| Camaleão: o símbolo do SLB com a camisola da Mágica. imagem A Bola |
O futebol ganhou uma profundidade e uma intensidade mediática muito forte nas últimas décadas. Hoje em dia qualquer miúdo de 4 ou 5 anos já tem um clube, mesmo que não saiba muito bem o que isso quer dizer, como é o caso da C., que diz que é do Benfica porque o pai também é.
Os 6 elementos da SARIP já tinham todos um clube quando chegaram a Coimbra - 3 do SCP, 2 do SLB e 1 do FCP - e todos eles já tinham festejado títulos. Assim será certamente com a esmagadora maioria dos caloiros que chegam a Coimbra.
Em 2000 a Academia não estava, de todo, fortemente motivada para inverter esta situação; não sei como estará agora. Os doutores do meu curso iam desde o fanatismo benfiquista até ao suave e convicto portismo, passando por um ou outro sportinguista. Todos eram da Académica, mas eram poucos os que a colocavam em primeiro lugar (embora eu recorde alguns casos que foram evoluindo, ao longo do tempo).
Na altura, a Briosa até estava na II Divisão de Honra. Em todo o caso eu não recordo um esforço para ligar a AAC e o OAF. (Aqui o João Portugal Vieira também poderá acrescentar outras informações sobre o esforço que a DG/AAC fazia nesse sentido, mas isso no início dos anos 90.) Não havia um esforço especial para pegar nos caloiros e lhes mostrar que o clube deles era aquele (aliás, aquelas duas faces da mesma moeda - o futebol profissional e as secções).
Alguns dos "ultras" dizem que os camaleões deviam ser afastados o mais possível para manter o OAF puro e limpo.

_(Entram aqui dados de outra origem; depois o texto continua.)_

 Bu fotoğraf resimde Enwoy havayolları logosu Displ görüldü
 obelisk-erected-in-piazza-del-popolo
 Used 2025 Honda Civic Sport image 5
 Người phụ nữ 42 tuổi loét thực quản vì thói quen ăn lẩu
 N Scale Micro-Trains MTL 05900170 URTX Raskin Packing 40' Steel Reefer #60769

Eu discordo, porque nasci camaleão. Nasce-se camaleão como se nasce caloiro. É preciso uma praxe, um baptismo, um processo de evolução do camaleão até chegar a adepto. Um processo muito mais difícil que o de caloiro até doutor. É preciso que o camaleão se esqueça das vitórias que já celebrou e se esqueça que, quando volta a casa ao fim de semana, não tem lá outros adeptos da Académica para partilhar as vitórias e a mística.
Sim, eu também recordo aquele lamentável cortejo da Queima cheio de camaleões celebrando a conquista desportiva de um clube de Lisboa, e penso: não é de hoje para amanhã que isso se consegue inverter.

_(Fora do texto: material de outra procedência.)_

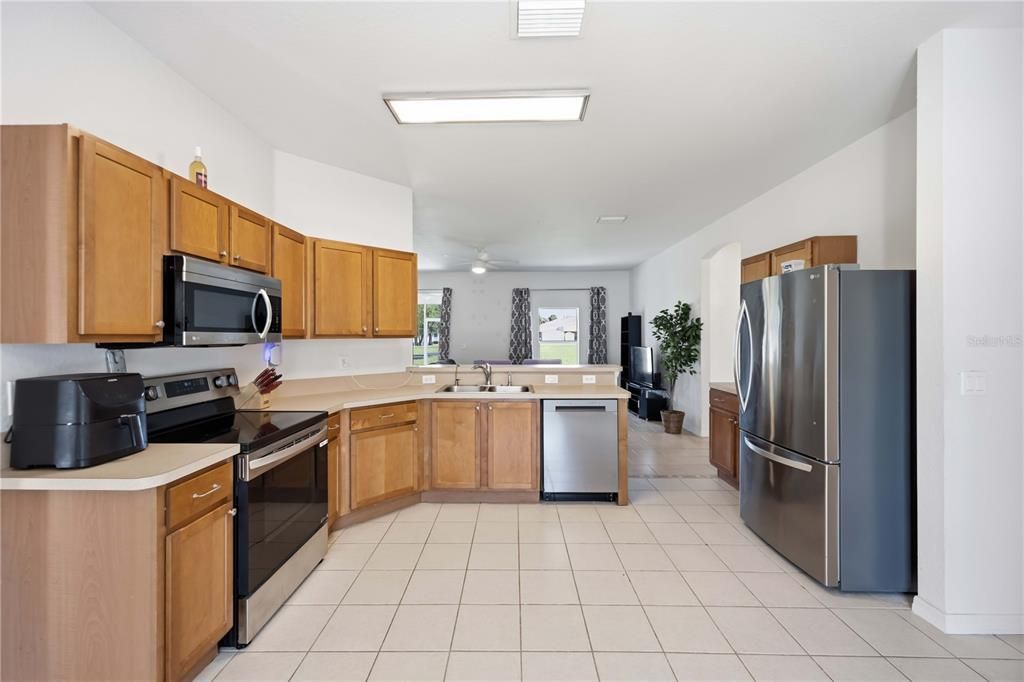 For Sale: $299,900 (3 beds, 2 baths, 1852 Square Feet)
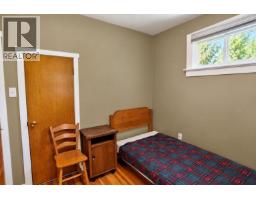 Full bathroom - 195 Lerose Street, Trail, BC V1R3L7 Photo 9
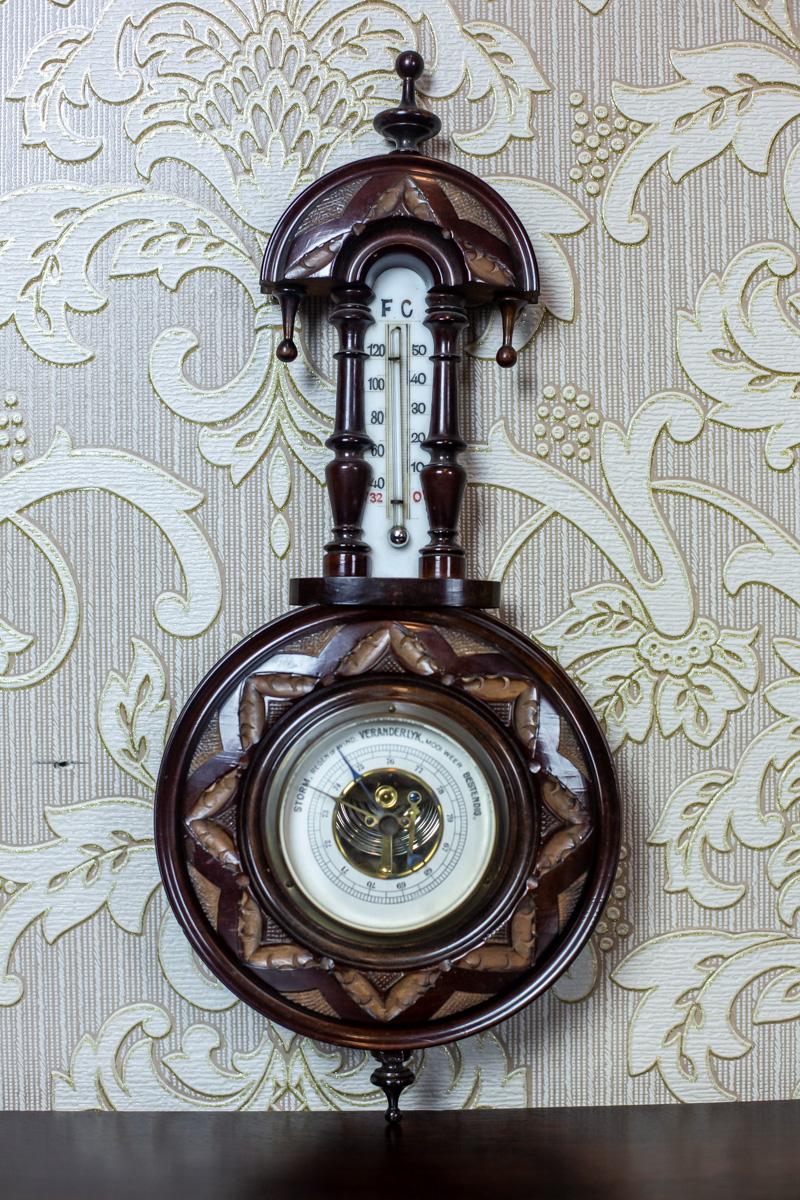 We present you a neat barometer with a thermometer in a walnut case. The whole is dated the 1930s.
This item is functional, and displays the pressure and temperature properly.
The thermometer shows the temperature in Celsius and Fahrenheit.

The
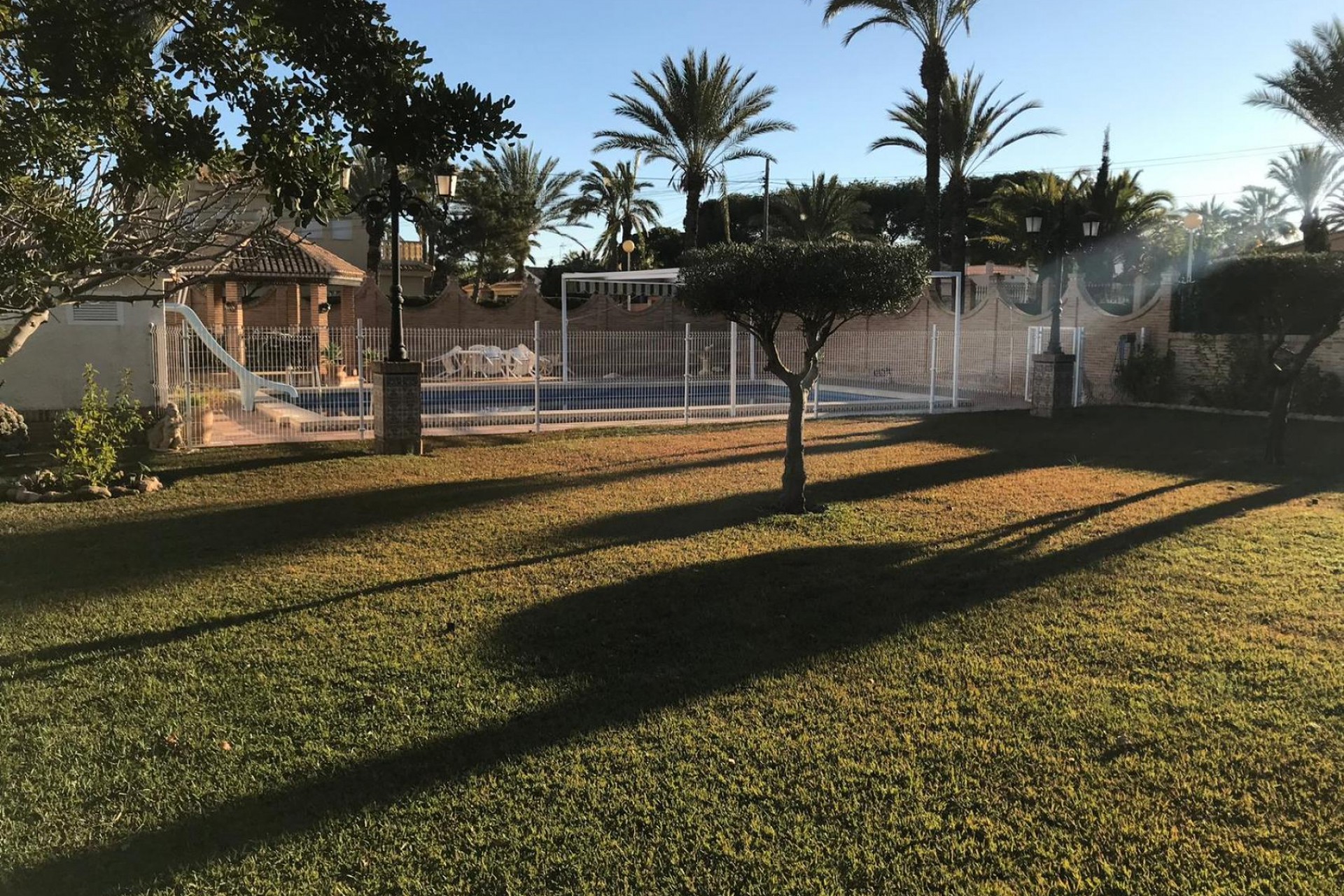 Reventa - Villa -
Orihuela Costa - Costa Blanca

E acima de tudo não é com uma postura de exclusão. É preciso puxar os camaleões para nós, fazê-los perceber a mística, mostrar a importância de ser diferente em vez de ser do clube que tem mais adeptos do mundo, ou do clube que ganha sempre, ou do clube que diz que é mais ecléctico. Mostrar qual é o nosso clube, que é mesmo nosso, e não do pai, ou do tio, ou da aldeia, ou porque é o maior da região onde se nasceu, ou porque tinha um jogador muito bom quando começámos a ver futebol. Não; a Briosa é mesmo nossa e só nossa.
A taxa de conversão destes 6 teve, até agora, um sucesso relativo, visto que os 3 que permanecem em Portugal Continental vão estar no Jamor (mesmo se um deles permanece com um clube de Lisboa como prioridade).
Quanto aos que permanecem como adeptos do SCP, é a melhor altura, não para os excluir, mas para os pressionar: esta é a nossa Académica a viver um momento histórico, juntem-se a nós!